In verse 11, we see that God’s principle as recorded in Hebrews 10:9 is, “He takes away the first that He may establish the second.” This seems to be the basis of His purpose according to election. It’s not of works but is based on His calling. This election is not to salvation. It is for God’s purpose. I think that His primary purpose is the provision of salvation by our Savior.

12 it was said to her, “The older shall serve the younger.”

To begin with, even though Jacob consistently duped Esau, Esau never really served Jacob. In fact, almost the opposite was true. How then was this prophecy true? We must look at the context from which this was quoted, Gen 25:23. “And the LORD said to her: “Two nations are in your womb, two peoples shall be separated from your body; one people shall be stronger than the other, and the older shall serve the younger.” Notice, it explicitly says, “Two nations are in your womb.” God was not dealing with the individuals here. He was dealing with two nations. Israel was His chosen people. Edom (Esau) was not. In the future, Edom will be the servant of Israel.

13 As it is written, “Jacob I have loved, but Esau I have hated.”

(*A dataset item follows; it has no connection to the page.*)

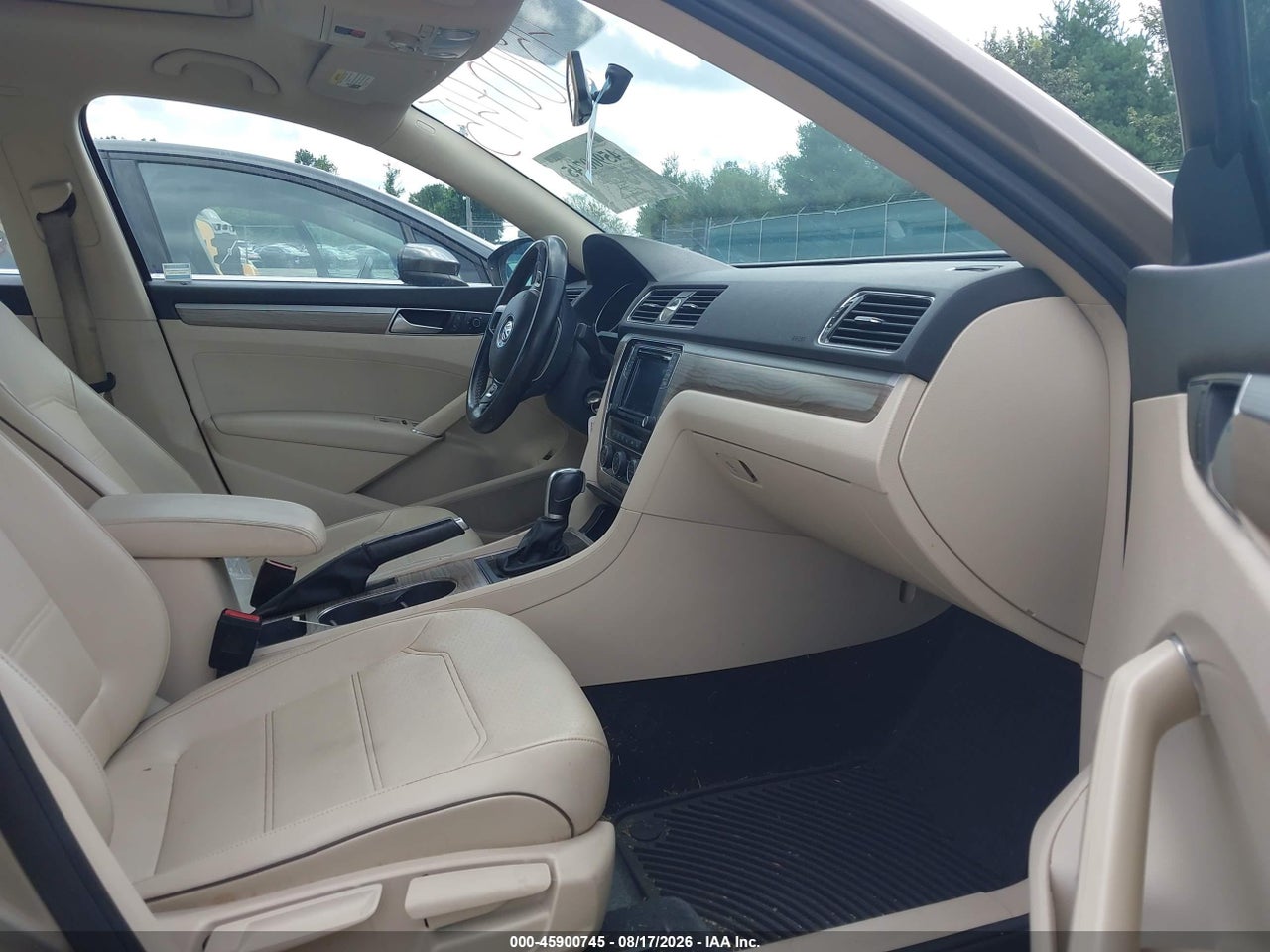 2016 VOLKSWAGEN PASSAT 1.8T SE · 5/11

This verse is like the previous one with one great exception. This reference is from the last book of the Old Testament. This was about a thousand years after Jacob and Esau were born. When we look at the context of Malachi 1, we see that He is again talking about the two nations. It doesn’t mean He loved everyone in Israel or hated everyone in Edom, for we find repeatedly how wrathful He got with Israel and destroyed some among them. Therefore, this love and hate was not against the individual men Jacob and Esau, but towards the nations. It was recorded after the nations had been in existence for a long time.

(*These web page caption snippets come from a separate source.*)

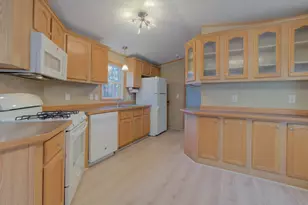 932 Long Cove Rd, Ledyard, CT 06335 - Photo 5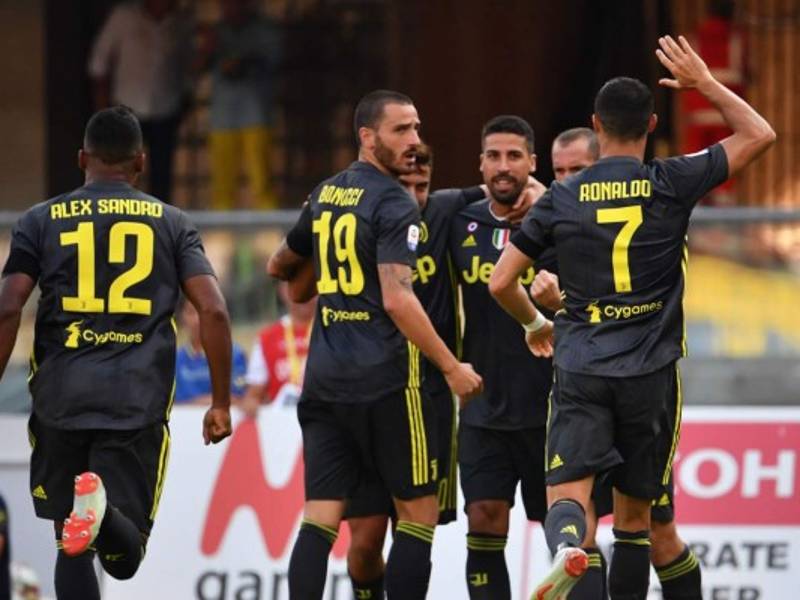 Cristiano Ronaldo celebrando el primer gol de la Juventus marcado por Sami Khedira. Foto AFP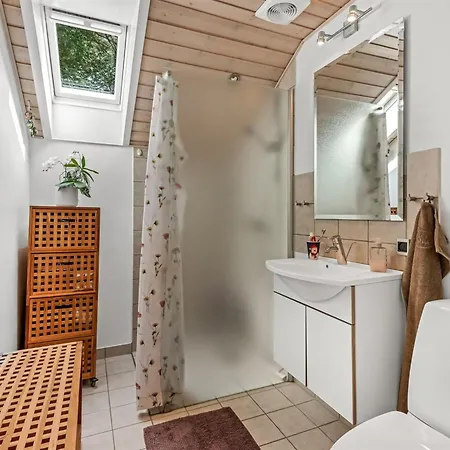Holiday home Lenya - 33km From The Sea By Interhome *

We must consider another point. This hate is not necessarily absolute. In Luke 14:26, If anyone comes to Me and does not hate his father and mother, wife and children, brothers and sisters, yes, and his own life also, he cannot be My disciple, the hate is certainly relative. I think the hate in Malachi and Romans 9:13 is too. It may relate to God’s sovereign choice among the nations.

14 What shall we say then? Is there unrighteousness with God? Certainly not! 15 For He says to Moses, “I will have mercy on whomever I will have mercy, and I will have compassion on whomever I will have compassion.”

There is no unrighteousness with God. He always conducts Himself in a just way. Now He shows us how He conducts Himself. He shows us that the Jews can’t restrict Him to the only option they think He must take, always treating Israel as the top nation. God shows that He makes His decisions based on His clearly defined principles. The fifteenth verse shows that He can display His mercy to anyone He desires. Israel cannot put restraints on Him. In this passage, you can’t escape the issue of selection. God has mercy on whomever He pleases. The point here is, was God unrighteous to choose Jacob as the one to receive favored status as a nation? The Jew would naturally answer, “No!” But, putting ethnic advantage aside, why? Because God has the right to show mercy to whomever He pleases. If He wants to choose one for service but not the other, He can do that. He chose Jacob but not Esau. The Jews like that decision. Esau could have “willed” or “run” as much as he pleased. He could have been saved or have been the most godly man who ever lived. And Jacob could have been a rat (And he was.), but Jacob still would have been chosen. Paul’s point here is, God chose Israel as a favored nation above all others, not because of her worthiness or goodness above others, but simply because He has the right to select one and not the other.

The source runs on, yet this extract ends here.